- **Work order**
A faithful copy of the data below is required, leaving out every picture.

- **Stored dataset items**
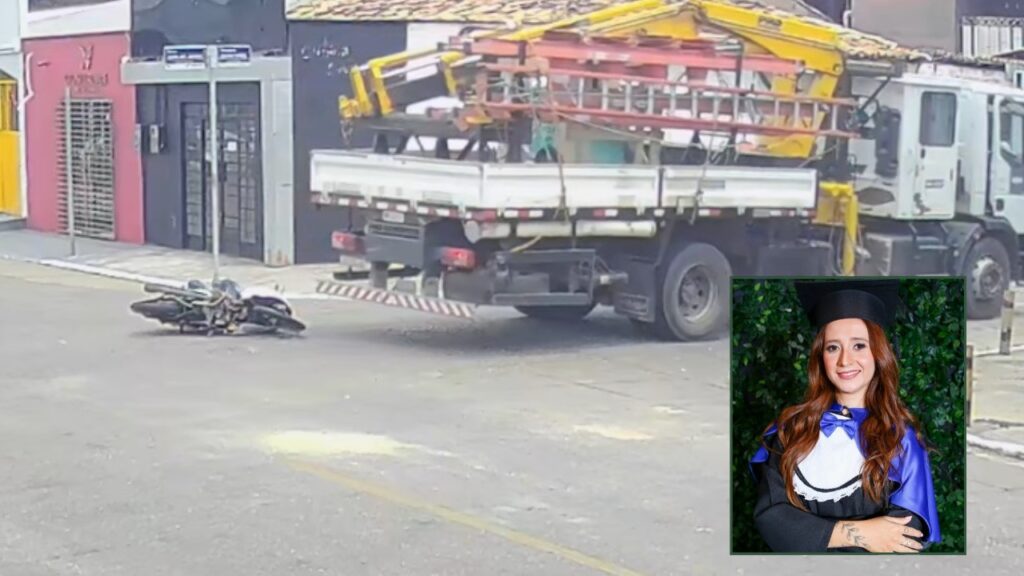 Caminhão estacionado em rua com motocicleta caída no chão ao lado e detalhe de mulher em destaque no canto.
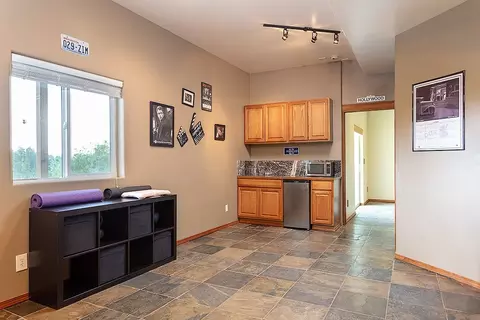 915 E Westcrest Rd, Colbert, WA 99005 photo 16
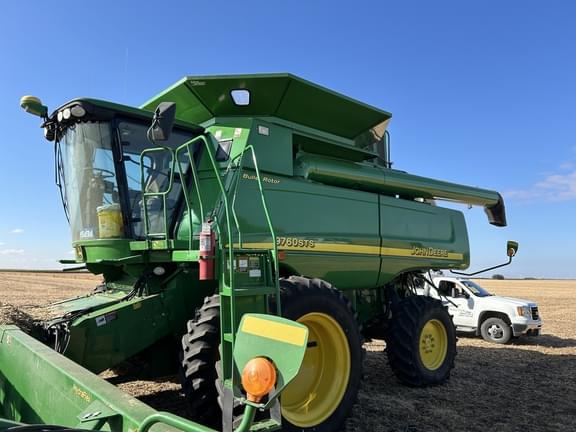 Image of John Deere 9760 STS Primary image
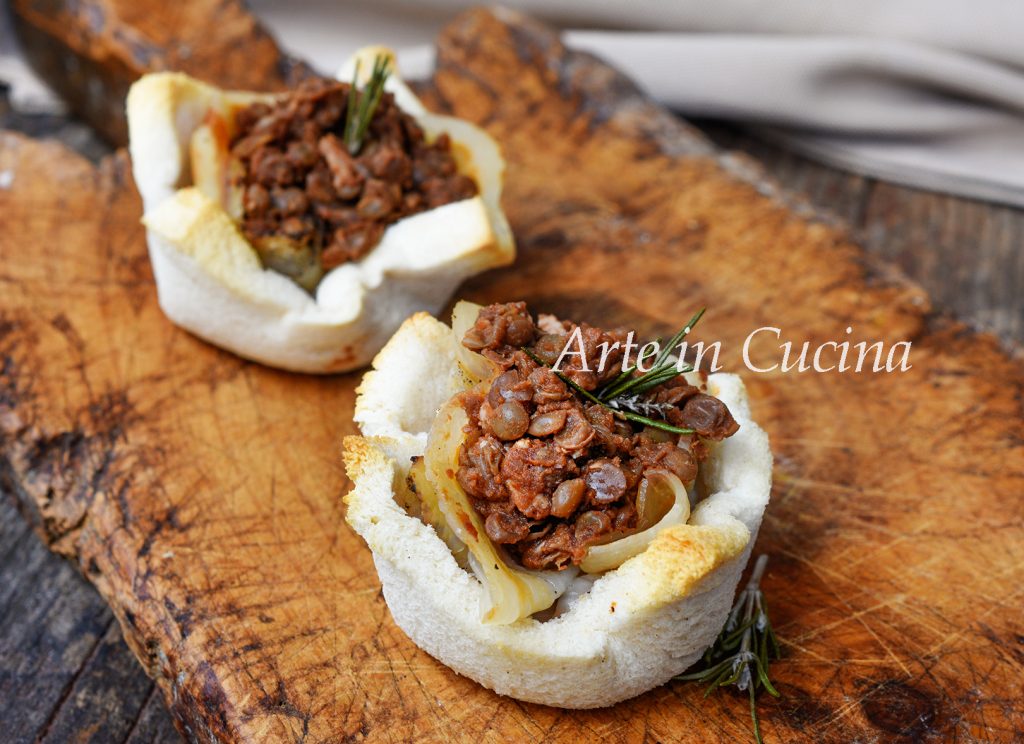 Bread baskets with lentils and sausage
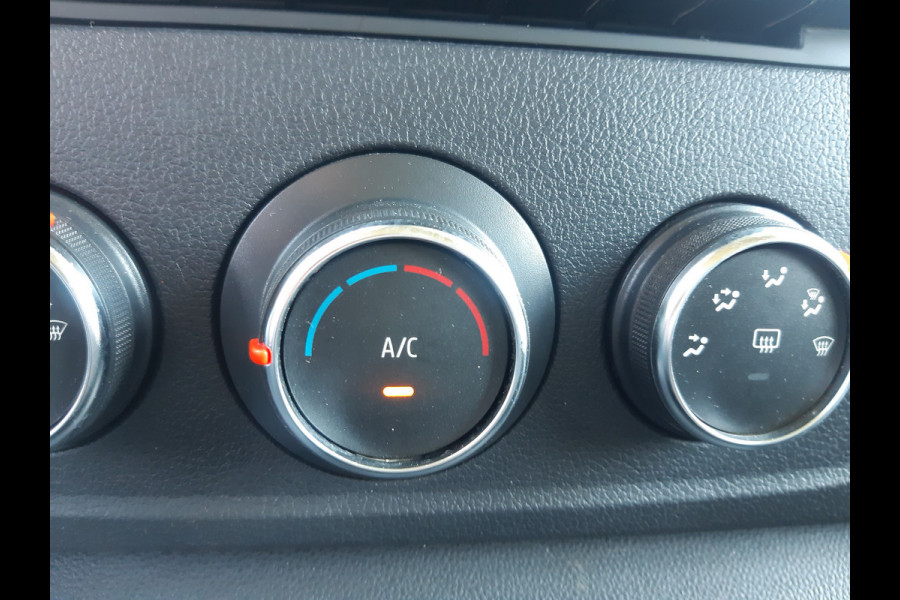 Renault Master 145Pk Extra hoge Laadbak 2.30 hoog Laadklep Airco Cruise
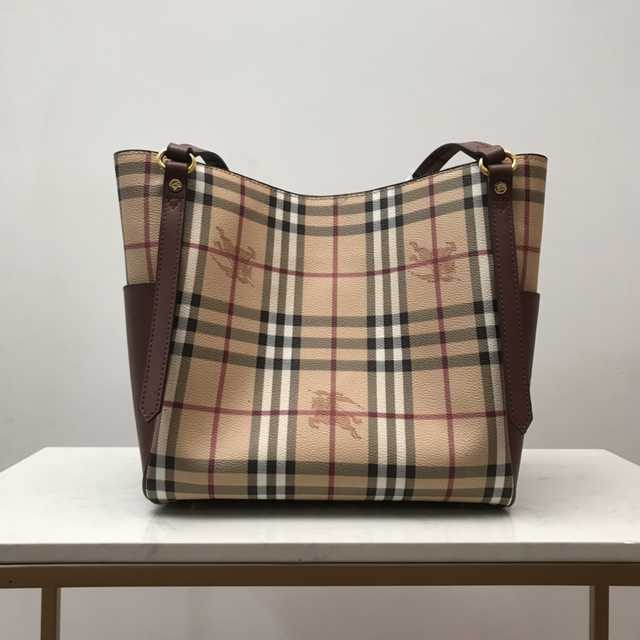 Burberry Tote 27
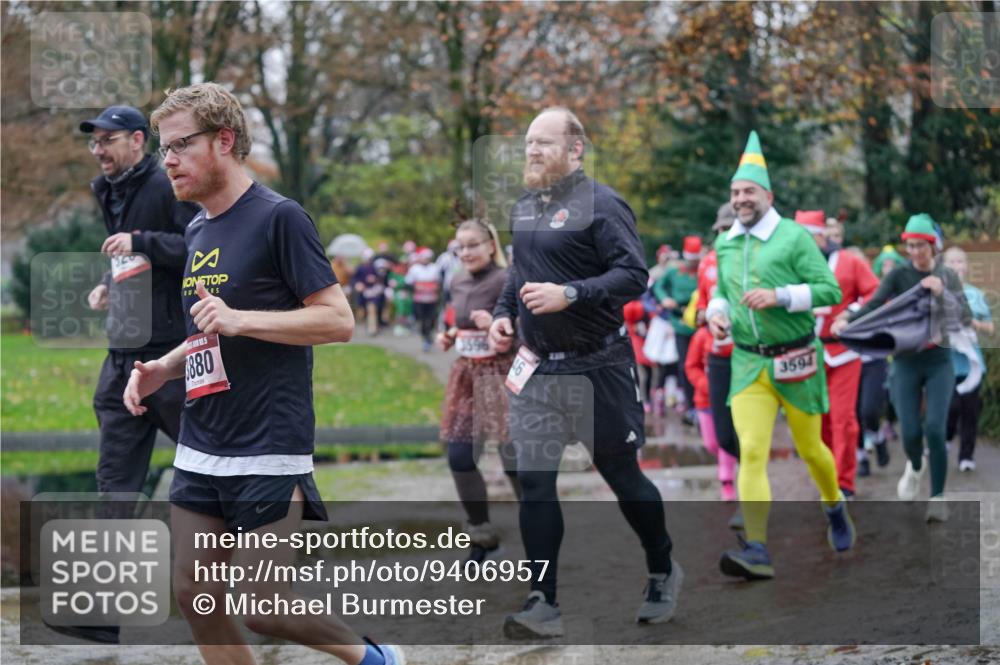 07.12.2025 - St. Pauli X-Mass-Run No. 15 Michael Burmester http://msf.ph/oto/9406957 07.12.2025 11:23:56 Laufen 880, 3594 meine-sportfotos.de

- **Response for this exercise**
 Caminhão estacionado em rua com motocicleta caída no chão ao lado e detalhe de mulher em destaque no canto.
 915 E Westcrest Rd, Colbert, WA 99005 photo 16
 Image of John Deere 9760 STS Primary image
 Bread baskets with lentils and sausage
 Renault Master 145Pk Extra hoge Laadbak 2.30 hoog Laadklep Airco Cruise
 Burberry Tote 27
 07.12.2025 - St. Pauli X-Mass-Run No. 15 Michael Burmester http://msf.ph/oto/9406957 07.12.2025 11:23:56 Laufen 880, 3594 meine-sportfotos.de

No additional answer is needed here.